Abbas, go

Ordinary Palestinians are paying the price for Abbas's lack of leadership and the policies of the oligarchs who surround him.

Palestinian President Mahmoud Abbas waves in Ramallah, in the West Bank May 1, 2018 (photo credit: REUTERS/MOHAMAD TOROKMAN)
Palestinian President Mahmoud Abbas waves in Ramallah, in the West Bank May 1, 2018
(photo credit: REUTERS/MOHAMAD TOROKMAN)
Amid growing pressure from Palestinian protests in the West Bank over the last few weeks, Palestinian Authority officials slammed the US administration for its efforts to improve living conditions in the Gaza Strip. On Monday, a member of the PLO Executive Committee also said the Trump administration was “living in an illusion if it thinks it would be able to find Arab or Palestinian support for its suspicious [peace] plan.”
The latest comments from Ramallah come after a year in which the PA has sought to obstruct and work against the US administration and its efforts at a new peace push. The comments by advisers to PA President Mahmoud Abbas are part of a pattern in which the PA leadership appears out of touch with both the region and its own people. It continues to harass local journalists, crack down on freedom of expression online, and recently sent police to beat protesters who challenged its sanctions on Gaza. It also refuses to hold elections, preferring to govern indefinitely while billions of dollars in Western support fill its coffers.
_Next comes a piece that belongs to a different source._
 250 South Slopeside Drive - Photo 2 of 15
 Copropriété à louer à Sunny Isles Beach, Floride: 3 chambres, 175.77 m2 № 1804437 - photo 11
Increasingly it appears as if Abbas, who has had health problems, is clinging to power. Ordinary Palestinians are paying the price for his lack of leadership and the policies of the oligarchs who surround him.
In an interview with Al-Quds newspaper this week, Trump adviser Jared Kushner questioned Abbas’s ability to agree to a new deal put forward by Washington. “He has his talking points, which have not changed in the last 25 years. There has been no peace deal achieved in that time. To make a deal, both sides will have to take a leap and meet somewhere between their stated positions,” Kushner said.
The PA response to the interview was to accuse Kushner of “incitement,” as The Jerusalem Post’s Khaled Abu Toameh reported. The officials claimed the fact that Kushner had to address the Palestinian public through a newspaper was an indication the US administration had failed to win Arab support for the plan. This claim is similar to the one made by PA officials that improving lives in Gaza would “undermine the Palestinian national project.” In both cases the PA seeks to keep the Palestinian people from deciding for themselves what they want and whether a new peace plan is acceptable.
The aging leadership in the PA has fought against change for decades, and many of those who still make decisions and give statements, such as Saeb Erekat, haven’t moved from their chairs since the 1990s. They have systematically undermined and denied a new generation of Palestinians from rising to the top. When the leadership convened the Palestinian National Council in Ramallah in April – after 22 years – there were few young faces or women among the ossifying speech-makers. Abbas spoke for two hours, reiterating the same “talking points” that Kushner mentioned.
For years, the Palestinian leadership benefited from convincing Western leaders that solving the Israeli-Palestinian conflict was the key to peace in the whole region. However, leading regional states such as Egypt, Saudi Arabia, the United Arab Emirates and Jordan have come to realize there are more pressing issues in the region in their own countries such as poverty, the Iranian threat and extremism. The Trump administration has tried to get these key states on board for a peace plan.
The PA hopes that by bypassing the US it can wait until the Trump administration leaves office and get a better deal from the next administration or from the Europeans. It hopes to continue to receive foreign largesse, including aid for its security forces, which are trained and supported by the US. It thinks the US has no other option and no one else to talk to.
Many Palestinians today are concerned about their economic situation. The younger generation has grown up in the wake of the Oslo Accords and has not seen their lives improve. People have been denied a say as elections are continuously postponed. Increasingly, they are more frustrated with the PA’s leadership than with Israel.
It is time for the PA to find new leadership who can talk about peace and give the next generation a real chance.